If anything, I am sincere to a fault.
This truth about myself occasionally sends me into a depression. I despair that there's no one like me out there on the LA highways, that they've all come here and gone back to the midwest where they were raised, that substance is incidental, that seriousness is unimportant and that sensitivity is an obstacle to be overcome.
Then I meet the Director - a guy who I'll call, Steve - and I realize I am way way way wrong. In fact, I'm wallowing in foolishness and fear.
Not that Steve isn't cool. He is. In fact, very.
But when I meet him at a Starbucks in Westwood, I also find him to be kind, warm, funny and accessible. He has worked in commercials as well as features and tv. In the 80s he invented an interesting cyber icon right out of art school. There's been some luck in his life, but I know too there's been a lot of talent backed up by hard work. This is reassuring.
He definitely knows the world (advertising) that I'm coming from. And the world I'm trying to get to.
His advice echos that which I got from the agent a month earlier.
"If you haven't been produced, it's very very hard. When people find that out they back away. It's very hard. So I reccommend that you try to make something. It doesn't have to be very long, but it has to be good. It should also be something that's part of something else that you want to make. That way you can show people what you want to do and they can see it. They'll say, Oh, I see. And you can get financing that way. Once you have a project done, it will be much much easier."
He asks what kind of movies I like. I go through a list of 70s films I love (5 Easy Pieces, Last Picture Show, Alice Doesn't Live Here Anymore) and then name a few more recent features (Lost in Translation, Eternal Sunshine, Little Miss Sunshine) I'm crazy about.
He also asks about my plays and my screenplays. I summarize them for him.
"This is good. All good good," he says. "I see."
Then he suggests something I can do in addition to - perhaps in lieu of - shooting something.
"There is a television channel that makes 40 movies a year with budgets of less than $1 million each. You don't have to write the whole script to sell an idea to them. You could write a really great logline and if they show interest, you could get in that way. It's something someone like you, from advertising, should be able to do. It's what people in advertising are good at. You should develop 10 or 12 loglines. Really work on them. Polish them. That's another way."

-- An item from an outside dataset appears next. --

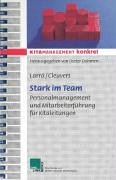 Stark im Team: Personalmanagment und Mitarbeiterführung für Kitaleitungen: Personalmanagement und Mitarbeiterführung für Kitaleitungen Law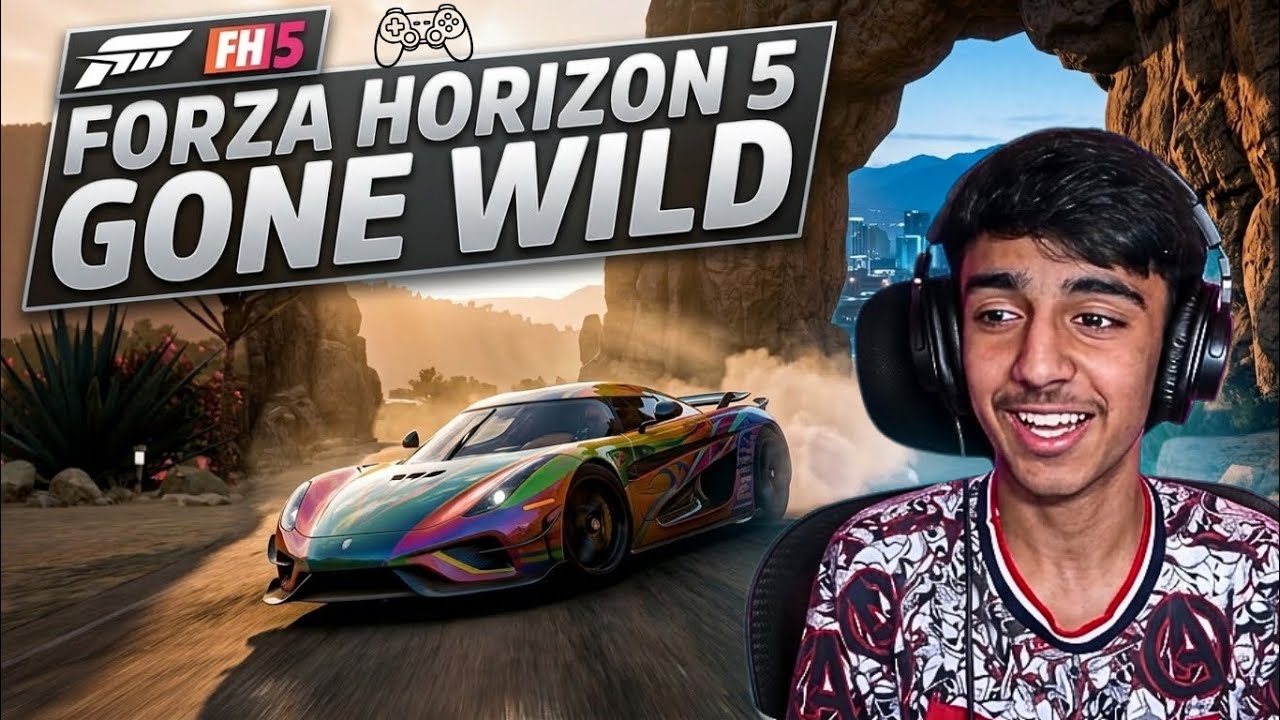 Forza Horizon 5 Gameplay PC - Maximum Speed Test | Different Cars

What is great about this advice is not just its directness, but also the feeling I get from Steve as he offers it. He clearly seems interested in helping. Of sending me in the right direction. He's floating ideas based on what I've told him. It makes me want to work for him in just about any capacity.
He presses me about my commercial reel. Again, echos of the agent.
"That could be a big thing. It's a kind of production. Especially if there's comedy. People can see that you did that and they'll feel that they might be able to trust you."
Naturally, I love hearing this, but as our meeting ends, I know I can't rely on it alone.
"Send me your screenplay and if I respond to it, then, well, maybe we can talk some more," Steve says. "In the meantime, I'll look at your TV commercials online, too."
I get in my Mini-Cooper and drive home feeling upbeat, feeling that while being cool may be important, being good is important too.
Then I get out a pad of paper and start working up loglines in case Steve likes my script and calls me. As I start, I feel grateful that no logline I write will have to include anything about Nazi zombies.
Maybe someday, of course. Just not today.